A new innovation district that co-locates homes and amenities alongside international scientific research.
Oxford North is a place where residences and amenities sit alongside academic research. The masterplan aims to attract global scientific research and talent, while at the same time boosting the local and national economy. This initial phase introduces two distinct typologies – the Workspace buildings, and the Red Hall – together with a new public park.
The two Workspace buildings, which are physically connected, provide flexible laboratory and office space for a range of life-science businesses: from SMEs who can incubate and grow, to global organisations that are seeking to thrive within Oxford’s commercial ecosystem. These buildings are framed in concrete, which provides a resilience for accommodating either life-science or commercial functionality in the future. Their roofs are then framed in steel, and are profiled in a series of four pitches each; this create large, vaulted interior spaces, with the ability to suspend mezzanine levels from the beams that span between the roofs’ rafters.

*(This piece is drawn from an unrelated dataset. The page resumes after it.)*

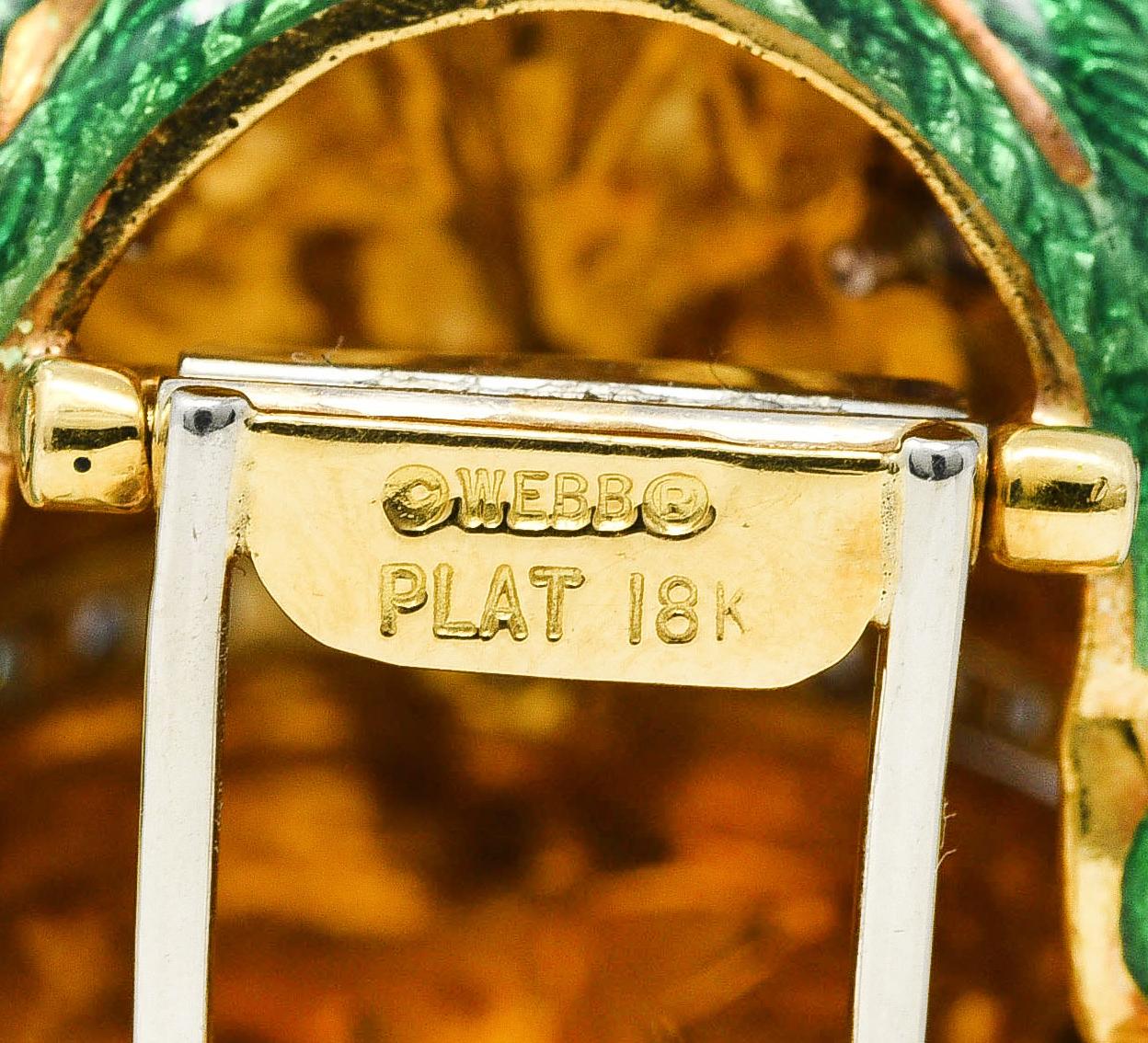 David Webb 1960's Diamond Ruby Enamel Platinum 18 Karat Yellow Gold Frog Brooch In Good Condition In Philadelphia, PA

Next door, the Red Hall provides a dynamic workspace for start-ups, entrepreneurs and freelancers. It’s positioned strategically to attract spin-outs from the University of Oxford and from Oxford Brookes University, with capacity for around 300 people to work collaboratively. The Red Hall is designed as a contemporary, steel shed with large, uninterrupted floorplates; while its skeletal frame is inherently flexible and reconfigurable, its structure is moreover lean and efficient.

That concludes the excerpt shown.